= Beverly Stanger =

Canadian runner

Beverly Stanger was a blind Canadian Indigenous track and field athlete from the Timiskaming Band of Notre Dame du Nord, Quebec. She competed at the 1976 Toronto Olympics for the Physically Disabled, and the 1977 Ontario Summer games held in Brantford, Ontario. Stanger was a recipient of the prestigious Tom Longboat Award in 1976, only the second female to have done so and the first disabled athlete.

== Early life ==
Stanger was of Abenaki Algonquin descent, originally from the Timiskaming Band of Notre Dame du Nord, Quebec. Later in her life, she resided in Schumacher, Ontario. She attended the W. Ross Macdonald School for the Blind in 1977, where she competed in track and field events.

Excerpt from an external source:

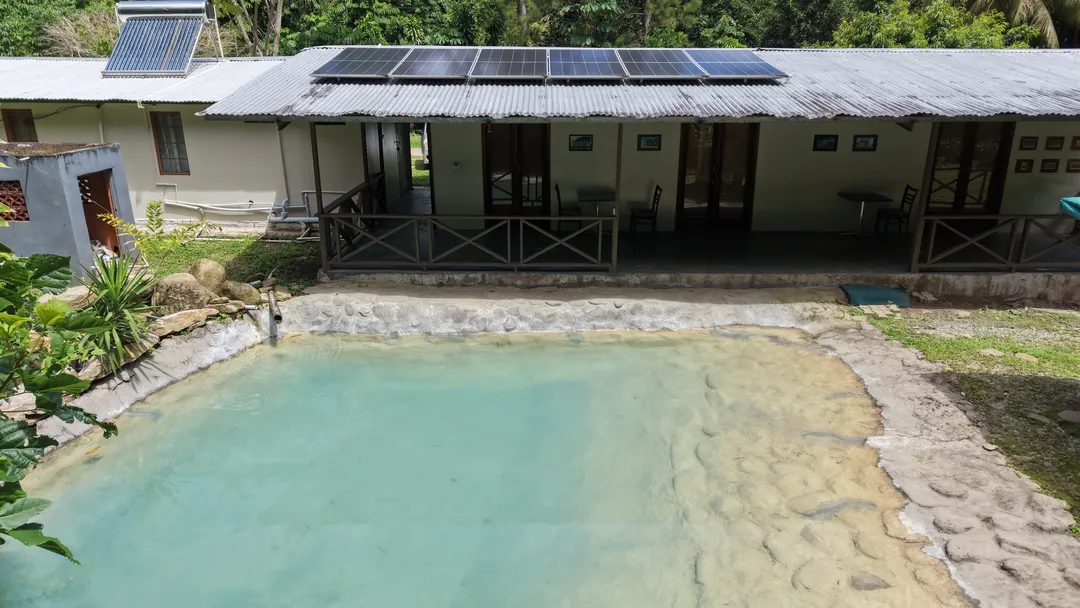 The cabins and shaded veranda beside the spring pool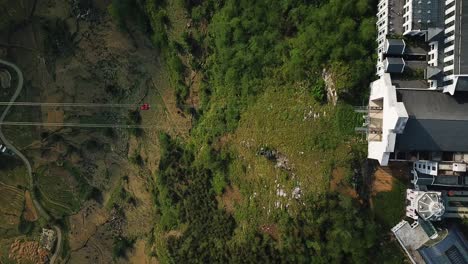 Directly-above-a-red-tourist-cable-car-as-it-ends-its-adventurous-journey-up-a-steep-mountain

== Athletic achievements ==
Stanger competed in the 1976 Toronto Olympics for the Physically Disabled. She won a gold in the high jump, followed by two silver medals in the discus throw and the pentathlon. The following year in 1977 she participated in the Ontario Summer games held in Brantford, Ontario. Competing in various track and field events, she won another gold and an additional four silver medals.

== Awards ==
Stanger was awarded the national Tom Longboat Award in 1976 alongside Reginald Underwood. She was the second female winner of national award.